The goal of research in the Parkfield area has been to observe the fault and surrounding crust, at close range and at high resolution before, during, and after a characteristic M6 earthquake, so as to better understand the earthquake process and to provide a scientific basis for earthquake prediction and hazard assessment. Recognizing this hazard, and the regular periodicity of recurring events near Parkfield, the U.S. Geological Survey (USGS) and the State of California began a comprehensive, long-term Parkfield Earthquake Prediction Project in 1985 (Bakun and Lindh, 1985).
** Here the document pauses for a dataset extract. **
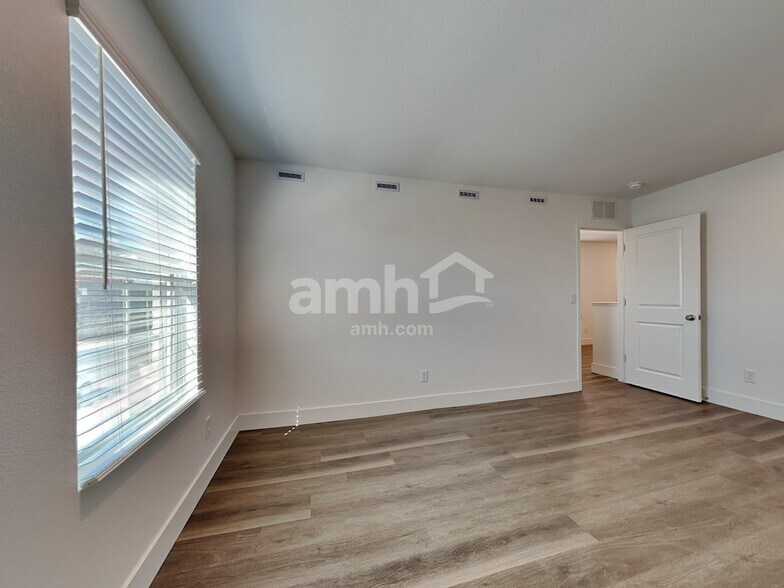 Building Photo - 5834 Astapor St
More than 10,000 earthquakes have been recorded since 1970 in the magnitude range 0 < M < 5. The long-anticipated M6.0 event finally occurred on September 28, 2004. Langbein et al. (2005) issued a preliminary report indicating that no immediate precursory phenomena were observed, which was confirmed by Bakun et al. (2005).
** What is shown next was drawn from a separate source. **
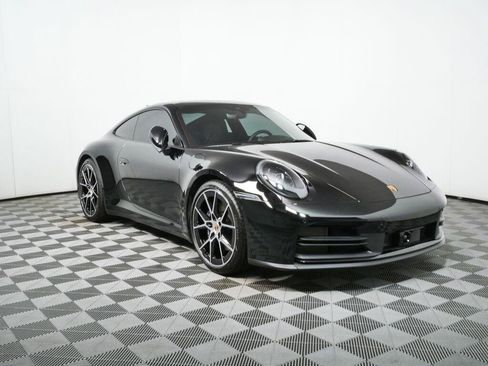 Used 2025 Porsche 911 Carrera RWD image 30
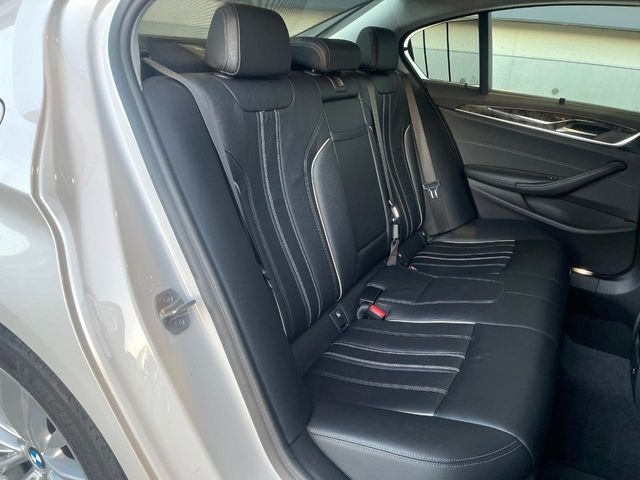 ���㕔���Ȃ��C�ɂȂ�悤�ȃL�Y�E�����ւ��蓙�A�傫�ȃ_���[�W�͂Ȃ��A�ǍD�ȏ�Ԃł��B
There is currently little optimism in the scientific community about the possibility of earthquake prediction (Geller, 1997; http://earthquake.usgs.govhazards/prediction.html; Geller et al., 1996). Recent discussions in Nature (http://www.nature.com/nature/debates/earthquake/index.html) include such statements as: "We do not have a method for making short-term predictions;
There is a bleak future for individual earthquake prediction"; and "There is no prospect of deterministic earthquake prediction in the foreseeable future". While it is not the intention of this paper to give an overview of current earthquake prediction methods, the author notes that most methods (e.g., Bowman and Sammis (2004)) seek changes in coefficients of the Gutenberg-Richter relationship (GRR) log N = a – bM, which relates the number of earthquakes (N) greater than magnitude M in some region to the magnitude itself. The GRR reflects the behavior of seismicity over periods of time sufficiently long enough to collect reliable statistics for a wide range of magnitudes.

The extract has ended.